58 There is a final, stark reason for the importance of history. Should the myths and misconceptions of privatization prevail, then coastal communities will face dislocations no less significant than previous forms of enclosure have been within the history of the Anglo-American world, and forms of dispossession as traumatic as those faced by Aboriginal peoples. If better history fails to help in forestalling such tragedies, it will at least help to document what has been lost, to preserve a record of for whom the fisheries existed and to remember who made the decisions to make it so.

SEAN CADIGAN

Notes

1 There are two problems with the "tragedy of the commons" approach. The first is an assumption that people are Hobbesian competitors who act reasonably only under the auspices of a strong, centralized authority. The second is the practice of seeing property as a thing, rather than a relationship based on the recognition of rights to something and the exclusion of others from that thing. These criticisms are well developed in another important contribution to the literature on the fisheries crisis: David Ralph Matthews, Controlling Common Property: Regulating Canada’s East Coast Fishery (Toronto, 1993). I reviewed this book in Labour/Le Travail, 34 (Fall 1994), pp. 321-23.
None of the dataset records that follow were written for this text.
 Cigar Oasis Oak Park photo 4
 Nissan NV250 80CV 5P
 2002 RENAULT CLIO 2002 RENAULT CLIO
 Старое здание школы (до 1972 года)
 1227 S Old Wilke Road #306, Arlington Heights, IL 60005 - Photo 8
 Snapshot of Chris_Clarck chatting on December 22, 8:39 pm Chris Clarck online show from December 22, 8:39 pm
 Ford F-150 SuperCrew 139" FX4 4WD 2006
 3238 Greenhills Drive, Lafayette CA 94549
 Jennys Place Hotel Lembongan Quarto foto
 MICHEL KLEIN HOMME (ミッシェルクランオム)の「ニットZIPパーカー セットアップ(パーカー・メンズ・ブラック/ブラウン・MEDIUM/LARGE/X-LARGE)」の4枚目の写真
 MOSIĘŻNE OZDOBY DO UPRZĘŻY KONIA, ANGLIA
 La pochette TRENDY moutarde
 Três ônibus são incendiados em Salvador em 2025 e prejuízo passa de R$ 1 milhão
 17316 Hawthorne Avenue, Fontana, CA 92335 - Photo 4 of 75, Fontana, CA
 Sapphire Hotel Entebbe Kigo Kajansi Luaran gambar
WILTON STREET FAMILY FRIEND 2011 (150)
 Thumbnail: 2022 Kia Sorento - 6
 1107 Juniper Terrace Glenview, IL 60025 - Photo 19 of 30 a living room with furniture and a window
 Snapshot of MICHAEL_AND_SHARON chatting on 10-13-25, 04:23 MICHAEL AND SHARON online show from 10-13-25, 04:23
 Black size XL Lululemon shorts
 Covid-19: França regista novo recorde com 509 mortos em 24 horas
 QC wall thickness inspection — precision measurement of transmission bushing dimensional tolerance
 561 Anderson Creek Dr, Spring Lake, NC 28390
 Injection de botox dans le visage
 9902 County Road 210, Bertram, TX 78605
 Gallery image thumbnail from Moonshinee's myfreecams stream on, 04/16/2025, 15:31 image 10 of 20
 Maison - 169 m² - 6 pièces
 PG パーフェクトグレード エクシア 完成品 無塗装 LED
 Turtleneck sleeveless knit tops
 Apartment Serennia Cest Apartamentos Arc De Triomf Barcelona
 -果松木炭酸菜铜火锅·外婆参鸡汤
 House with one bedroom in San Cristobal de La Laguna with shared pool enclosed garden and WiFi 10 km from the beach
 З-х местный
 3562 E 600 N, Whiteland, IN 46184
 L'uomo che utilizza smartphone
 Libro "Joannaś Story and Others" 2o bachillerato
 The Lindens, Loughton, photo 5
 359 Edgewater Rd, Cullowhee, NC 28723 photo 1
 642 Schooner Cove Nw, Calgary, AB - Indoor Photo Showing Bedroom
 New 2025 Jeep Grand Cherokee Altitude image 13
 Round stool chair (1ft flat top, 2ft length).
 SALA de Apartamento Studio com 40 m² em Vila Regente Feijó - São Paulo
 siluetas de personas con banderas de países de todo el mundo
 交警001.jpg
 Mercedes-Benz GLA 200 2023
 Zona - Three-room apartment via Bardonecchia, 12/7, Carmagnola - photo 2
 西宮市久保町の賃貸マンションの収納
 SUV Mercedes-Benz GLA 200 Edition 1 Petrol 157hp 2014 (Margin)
2 I develop these ideas further in Cadigan, "The Moral Economy of the Commons: Ecology and Equity in the Newfoundland Cod Fishery, 1815-1855", Labour/Le Travail, 43 (Spring 1999), pp. 9-42. The introduction of new fishing gears troubled fishing people, who saw such gears as a response to localized depletion of fish. They demanded that governments regulate fishing gear to protect fish. Time and again, governments refused to act because they, like many merchants, felt that new technologies were essential in finding new fish resources to exploit. Newfoundland authorities hoped that new fishing technologies would maintain fish exports and, in the long run, provide the capital for investment in economic diversification. Investment in new fishing technologies and the spatial expansion of fishing effort produced temporary recoveries in fish exports, but the overall trend from 1825 to the end of the 19th century was for exports to stagnate, or even decline, as fishing effort grew. When faced with evidence that fish resources might be suffering as a result of the pattern of development in the fishing industry, the government preferred to blame foreigners for any signs of depletion (a tactic that was to become all too popular in the 20th century). Many fishing people continued to oppose the increasingly intense exploitation of fish resources throughout the 19th century. Their growing poverty undercut the ability of fishing people to maintain their opposition to the intensification of marine-resource exploitation. If fishing people could not get credit directly from merchants because they would not adopt new fishing methods, they faced only two choices in the absence of government regulation of access: they could either adopt the new methods or, if they could not afford this, go to work for those who could. In either case, people’s livelihoods would come to depend on accepting a more open-access condition in the fishery. Once fishers adopted a more capital-intensive gear, the pressure to exploit resources more severely took over. Fishers had to work harder and longer to pay off the debt incurred as a result of investing in new equipment and larger vessels. The construction of more wide-ranging vessels also meant that fishers increasingly intruded on each others’ fishing grounds, making the possibility of community self-management less likely.